IT’S A DIGGLE-CENTRIC EPISODE.
Diggle remains close enough to being awesome that it excites me, but still doesn’t quite manage to make past “whatever Ollie tells me too.” But there is some insight into his character that might explain this, maybe, if I let go of what Diggle might be and start looking at the character as written? Maybe?
The good news is, I don’t have much to say in the “Ollie’s Got Issues” section, because he’s actually playing secondary character to all the more interesting plots. Which is good and how it should be, and actually makes this episode much better! In fact, the only part of that subplot is the Island of Low Saturation.

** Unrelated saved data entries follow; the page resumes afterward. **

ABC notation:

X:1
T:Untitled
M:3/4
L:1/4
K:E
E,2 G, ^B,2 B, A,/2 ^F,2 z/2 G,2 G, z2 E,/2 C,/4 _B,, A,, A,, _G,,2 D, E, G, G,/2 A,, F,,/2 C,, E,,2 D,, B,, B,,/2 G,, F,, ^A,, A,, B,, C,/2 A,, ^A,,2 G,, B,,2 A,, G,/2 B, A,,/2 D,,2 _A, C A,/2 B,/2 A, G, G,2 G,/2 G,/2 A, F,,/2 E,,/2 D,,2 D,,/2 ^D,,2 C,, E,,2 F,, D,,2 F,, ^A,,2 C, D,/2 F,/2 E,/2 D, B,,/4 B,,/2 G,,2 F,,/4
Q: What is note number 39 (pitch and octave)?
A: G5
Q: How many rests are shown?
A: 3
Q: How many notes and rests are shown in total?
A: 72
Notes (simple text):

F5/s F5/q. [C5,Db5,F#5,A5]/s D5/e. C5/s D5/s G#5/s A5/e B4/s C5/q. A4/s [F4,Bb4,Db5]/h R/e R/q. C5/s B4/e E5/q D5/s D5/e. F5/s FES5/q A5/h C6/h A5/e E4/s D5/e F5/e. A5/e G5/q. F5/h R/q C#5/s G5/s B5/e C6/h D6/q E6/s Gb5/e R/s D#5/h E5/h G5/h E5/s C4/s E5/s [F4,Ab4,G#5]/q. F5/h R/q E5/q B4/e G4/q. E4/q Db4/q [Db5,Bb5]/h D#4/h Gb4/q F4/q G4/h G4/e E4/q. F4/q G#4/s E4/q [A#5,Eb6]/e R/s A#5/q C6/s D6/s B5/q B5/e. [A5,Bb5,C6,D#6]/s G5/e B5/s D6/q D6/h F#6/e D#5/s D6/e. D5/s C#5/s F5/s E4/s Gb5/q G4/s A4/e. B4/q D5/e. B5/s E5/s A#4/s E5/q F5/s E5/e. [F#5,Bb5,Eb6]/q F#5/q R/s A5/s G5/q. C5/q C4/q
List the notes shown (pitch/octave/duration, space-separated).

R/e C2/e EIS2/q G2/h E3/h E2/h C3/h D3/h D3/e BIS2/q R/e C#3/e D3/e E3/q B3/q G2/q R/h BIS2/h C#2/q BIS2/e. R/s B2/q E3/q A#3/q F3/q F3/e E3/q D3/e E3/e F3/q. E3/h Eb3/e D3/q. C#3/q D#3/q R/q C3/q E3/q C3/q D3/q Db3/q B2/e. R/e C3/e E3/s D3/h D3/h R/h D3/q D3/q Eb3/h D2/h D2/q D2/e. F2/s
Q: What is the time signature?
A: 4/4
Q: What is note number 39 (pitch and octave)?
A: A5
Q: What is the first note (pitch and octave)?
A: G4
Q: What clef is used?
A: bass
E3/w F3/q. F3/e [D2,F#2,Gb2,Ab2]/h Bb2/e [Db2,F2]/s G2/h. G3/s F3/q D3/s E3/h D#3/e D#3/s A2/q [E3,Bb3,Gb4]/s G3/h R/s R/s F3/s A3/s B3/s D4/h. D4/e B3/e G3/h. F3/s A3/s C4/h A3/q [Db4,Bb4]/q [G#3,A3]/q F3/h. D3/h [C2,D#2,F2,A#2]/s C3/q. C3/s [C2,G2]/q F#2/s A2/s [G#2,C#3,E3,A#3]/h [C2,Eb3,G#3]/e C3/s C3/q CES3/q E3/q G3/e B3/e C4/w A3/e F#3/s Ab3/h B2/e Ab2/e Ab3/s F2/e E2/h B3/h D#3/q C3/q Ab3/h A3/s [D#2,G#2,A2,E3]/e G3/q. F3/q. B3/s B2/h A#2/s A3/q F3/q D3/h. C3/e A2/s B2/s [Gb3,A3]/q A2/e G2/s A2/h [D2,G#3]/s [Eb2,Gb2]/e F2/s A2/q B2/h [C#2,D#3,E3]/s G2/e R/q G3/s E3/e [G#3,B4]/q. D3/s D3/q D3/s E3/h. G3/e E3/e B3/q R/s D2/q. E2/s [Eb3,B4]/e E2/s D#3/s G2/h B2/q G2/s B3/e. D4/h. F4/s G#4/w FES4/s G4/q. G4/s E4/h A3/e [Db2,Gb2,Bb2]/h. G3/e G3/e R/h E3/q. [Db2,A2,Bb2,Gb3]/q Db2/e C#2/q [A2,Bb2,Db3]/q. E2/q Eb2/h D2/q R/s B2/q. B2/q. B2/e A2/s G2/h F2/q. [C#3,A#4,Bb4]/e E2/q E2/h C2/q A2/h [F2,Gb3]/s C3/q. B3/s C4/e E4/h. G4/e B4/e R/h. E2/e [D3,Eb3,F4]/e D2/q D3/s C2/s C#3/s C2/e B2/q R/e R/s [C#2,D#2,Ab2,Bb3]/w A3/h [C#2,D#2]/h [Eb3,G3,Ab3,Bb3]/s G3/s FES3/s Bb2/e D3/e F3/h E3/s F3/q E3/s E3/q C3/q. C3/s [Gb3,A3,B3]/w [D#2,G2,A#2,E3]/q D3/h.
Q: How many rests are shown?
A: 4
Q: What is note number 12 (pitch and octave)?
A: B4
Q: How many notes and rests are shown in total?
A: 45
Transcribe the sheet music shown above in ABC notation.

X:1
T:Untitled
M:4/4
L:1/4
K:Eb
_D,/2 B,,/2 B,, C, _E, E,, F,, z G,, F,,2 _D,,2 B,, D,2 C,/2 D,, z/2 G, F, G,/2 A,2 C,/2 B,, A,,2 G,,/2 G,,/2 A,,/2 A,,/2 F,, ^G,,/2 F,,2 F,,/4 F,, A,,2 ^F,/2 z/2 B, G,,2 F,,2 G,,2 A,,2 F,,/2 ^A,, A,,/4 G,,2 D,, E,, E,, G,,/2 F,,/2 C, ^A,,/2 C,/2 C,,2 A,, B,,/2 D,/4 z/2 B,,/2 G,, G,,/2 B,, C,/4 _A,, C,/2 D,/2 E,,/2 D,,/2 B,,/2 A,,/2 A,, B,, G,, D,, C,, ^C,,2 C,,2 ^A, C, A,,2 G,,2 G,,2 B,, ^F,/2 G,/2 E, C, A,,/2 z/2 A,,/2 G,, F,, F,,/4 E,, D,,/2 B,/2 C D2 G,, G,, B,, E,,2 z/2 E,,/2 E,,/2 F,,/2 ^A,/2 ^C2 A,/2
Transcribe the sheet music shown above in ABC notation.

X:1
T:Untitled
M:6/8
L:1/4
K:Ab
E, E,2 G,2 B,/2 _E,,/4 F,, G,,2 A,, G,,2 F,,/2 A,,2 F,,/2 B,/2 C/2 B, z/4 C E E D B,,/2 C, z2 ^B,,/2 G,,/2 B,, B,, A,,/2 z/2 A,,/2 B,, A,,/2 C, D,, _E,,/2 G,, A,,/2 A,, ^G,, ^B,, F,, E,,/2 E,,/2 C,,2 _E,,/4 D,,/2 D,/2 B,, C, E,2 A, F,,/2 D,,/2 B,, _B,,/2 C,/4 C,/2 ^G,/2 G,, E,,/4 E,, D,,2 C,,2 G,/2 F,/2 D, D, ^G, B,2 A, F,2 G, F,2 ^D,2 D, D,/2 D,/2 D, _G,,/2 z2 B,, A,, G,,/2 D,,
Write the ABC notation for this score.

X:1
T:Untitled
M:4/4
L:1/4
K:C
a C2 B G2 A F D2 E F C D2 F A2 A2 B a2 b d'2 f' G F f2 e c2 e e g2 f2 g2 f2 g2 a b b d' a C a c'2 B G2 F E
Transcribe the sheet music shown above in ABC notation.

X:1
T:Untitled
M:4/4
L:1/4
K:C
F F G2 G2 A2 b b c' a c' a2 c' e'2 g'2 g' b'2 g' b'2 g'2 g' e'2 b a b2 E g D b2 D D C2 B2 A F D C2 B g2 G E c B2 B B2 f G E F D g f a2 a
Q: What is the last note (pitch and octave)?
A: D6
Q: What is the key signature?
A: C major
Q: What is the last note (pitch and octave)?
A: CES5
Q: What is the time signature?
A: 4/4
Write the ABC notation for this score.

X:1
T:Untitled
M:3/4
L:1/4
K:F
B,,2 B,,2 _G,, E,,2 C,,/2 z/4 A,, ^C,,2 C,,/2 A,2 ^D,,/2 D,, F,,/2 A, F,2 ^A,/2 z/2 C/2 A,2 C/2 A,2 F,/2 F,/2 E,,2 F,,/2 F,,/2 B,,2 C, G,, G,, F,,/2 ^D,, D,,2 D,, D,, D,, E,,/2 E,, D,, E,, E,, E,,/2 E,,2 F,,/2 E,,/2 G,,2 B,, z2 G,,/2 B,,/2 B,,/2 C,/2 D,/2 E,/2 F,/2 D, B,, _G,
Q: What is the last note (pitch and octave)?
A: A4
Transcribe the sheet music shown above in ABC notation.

Theme of the Week: Seeing the best in people, naivete vs cynicism. Or: Why Laurel and Diggle are better than everyone.
Villain of the Week
We open on the robbery of an armored truck: a man in black clothes, military boots and a whole heck of a lot of weapons, steps out in front of a money truck, leveling a grenade launcher at them. Then a van pulls up behind the stopped vehicle and similarly clad bad guys pour out. The grenade launcher fires a pellet of gas into the truck, expelling the guards, and the money is acquired from the back.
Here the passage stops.